In human beings, even though we perceive a large amount of incoming data, a lot of it is compressed through differencing, that is, comparing the previous input with the new input and only storing the difference. This is similar to how video is currently encoded and compressed. To be able to accomplish this feat we however need two things: a temporary buffer to store the previous input (or sequence of inputs), and a mechanism to differentiate between the previous and the current input.
That differentiation mechanism can be highly complex depending on the degree of compression desired. For example, if you shift all the pixels in an image by 1 on the x-axis, your differentiation mechanism may simply tell you that all the pixels have changed, return a delta between their previous value and new value and be done. In some cases you may be lucky and a large number of pixels have remained the same value. However, a much better differentiation mechanism would realize that everything has moved by one pixel on the x-axis and instead return to you that it detected a x+=1 transform, which compresses the transformation a lot more than by the simple pixel by pixel difference. In the case of the brain, one benefit it has is that it can correlate multiple input channels to make sense of what is happening and better compress the information. In the previous case, the eyes may perceive that all the signals are now different at each receptor. The brain however also receives information from the ears, telling it that the head moved by a certain amount, which most likely explains the transform that was applied to the eyes input.
In the brain we make use of the fact that the sensory inputs are different modes. Each is compressed somewhat independently from the others. As such, we would expect information that is similar in format to be compressed together (text with text, video with video, audio with audio, etc.) as it is likely to lead to the highest compression. Furthermore, being able to make use of the structure within the data will lead to better compression than simply compressing blindly a collection of inputs as an opaque blob.
I would expect such a compression system to make use of two types of compression: offline and online. Offline compression would occur during low periods of activity and would be able to offer higher levels of compression at the cost of less responsiveness during recompression. Online compression would occur when the system is actively being used and would rely mostly on fast encoding techniques to keep responsiveness high.
Online compression would rely on a lookup dictionary with a most used recently retention policy to compress blocks of data that have already been seen numerous times. The quality of the online compression highly depends on the assumption that what will be observed in the future is highly likely to be like what has been observed in the past. During the day, we spend most of our time in the same environment. As such, we experience and observe the same things for an extended amount of time. Being able to determine what is similar and what is different is what will lead to the highest amount of compression.

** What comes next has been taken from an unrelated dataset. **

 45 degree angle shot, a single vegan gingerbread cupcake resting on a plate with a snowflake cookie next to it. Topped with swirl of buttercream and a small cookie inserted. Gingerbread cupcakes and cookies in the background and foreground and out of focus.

Offline compression would rely on the ability to make the most efficient use of the compute and memory available as this process would be time-constrained. It might be possible that the online and offline systems share information such that the online compressor can let the offline compressor know regions of data that might be ripe for recompression. In the case that both systems do not communicate, the offline system would likely benefit from knowing which regions have already been compressed to the fullest so that it spends most of its time processing data that was recently added. When it is done with this step, it can then attempt to increase the compression efficiency of all the data stored. Here again it should be able to make use of the differencing approach given that days will likely be highly similar. As such, we would expect the amount of space necessary to store a day to decrease drastically as more and more days of data are observed, possibly to the point where new days of data can be expressed as segments of previous days entirely.